French Development Agency Director Rémi Genevey told VIR that the agency would provide financial support worth 100 million euros ($130 million) a year to Vietnam’s major state-owned enterprises (SOEs) for coming period.
The preferential loans would be given directly to SOEs without financial guarantees from the Vietnamese government.
“All the projects that would benefit from these loans would need to meet our standards and have good track records when it comes to their operation,” he said.
Vietnam faces infrastructure and energy shortcomings which are combined with a growing population and poorly operating SOEs.
“We’ve selected infrastructure, energy, climate change mitigation and sustainable development as areas to receive our support because they meet our objectives and chime with the country’s critical needs,” Genevey said.
For example in the energy sector, the French agency has made a concessional loan of 75 million euros ($97.5 million) to the National Power Transmission Corporation, a 100 per cent subsidiary of EVN, for the partial funding of equipment for a $428.57 million 437 kilometre high voltage line that runs through Gia Lai, Dak Lak, Dak Nong, Binh Phuoc, Binh Duong provinces and Ho Chi Minh City.
The line was connected to the national power grid in mid-May. However, civil engineering work remains underway and the line’s first circuit is expected to be commissioned in 2015. The second circuit will enable electricity to be imported from Laos and Cambodia by 2018.
The agency is also contributing 110.5 million euros ($143.65 million) funding to the Nhon-Hanoi metro line project expected to be commissioned by 2016. This 12.5km project will be extended to 21km by 2020 and 48km by 2020.
The metro will transport 157,000 passengers a day after commissioning, 428,000 by 2020 and 750,000 by 2030 following expansion.

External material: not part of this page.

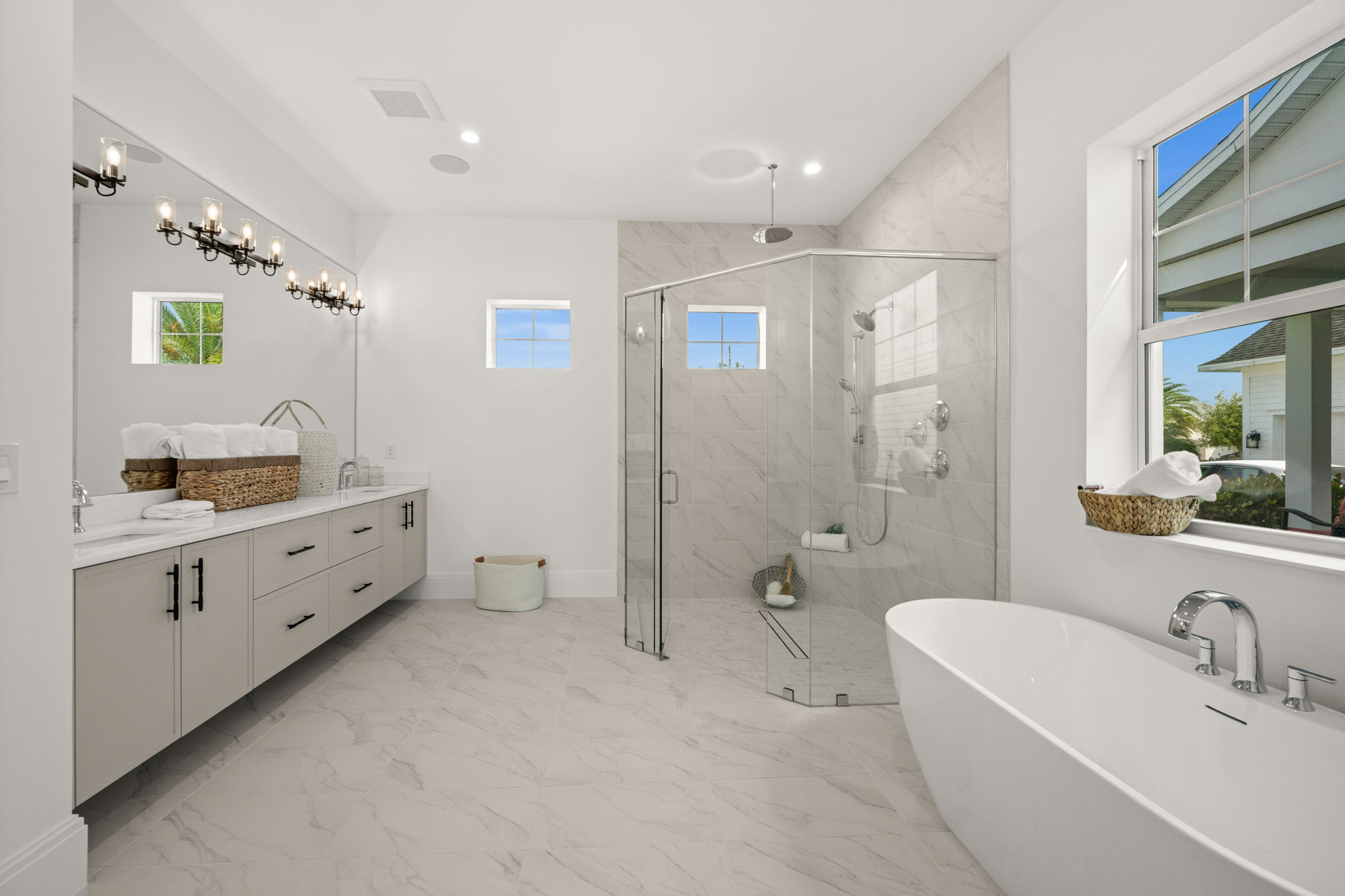 Sophie_40-web-or-mls-AND_1310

Operating in Vietnam since 1994, the French agency has sunk $1.95 billion into the country. Vietnam continues to be one of agency’s leading partners, having funded 75 projects to date. Initial support for rural development has been further expanded to the development of major infrastructure projects in the fields of energy, transportation, clean water and sanitation.
The agency committed $189.8 million in Vietnam for projects in micro-finance, urban development, rural infrastructure, environment and climate change mitigation.
Genevey said agency had constantly endeavoured to tailor its strategy and tools to the new economic, social and environmental realities facing Vietnam. For instance, it was the only development agency making aid loans directly to SOEs without financial guarantees from the Vietnamese government.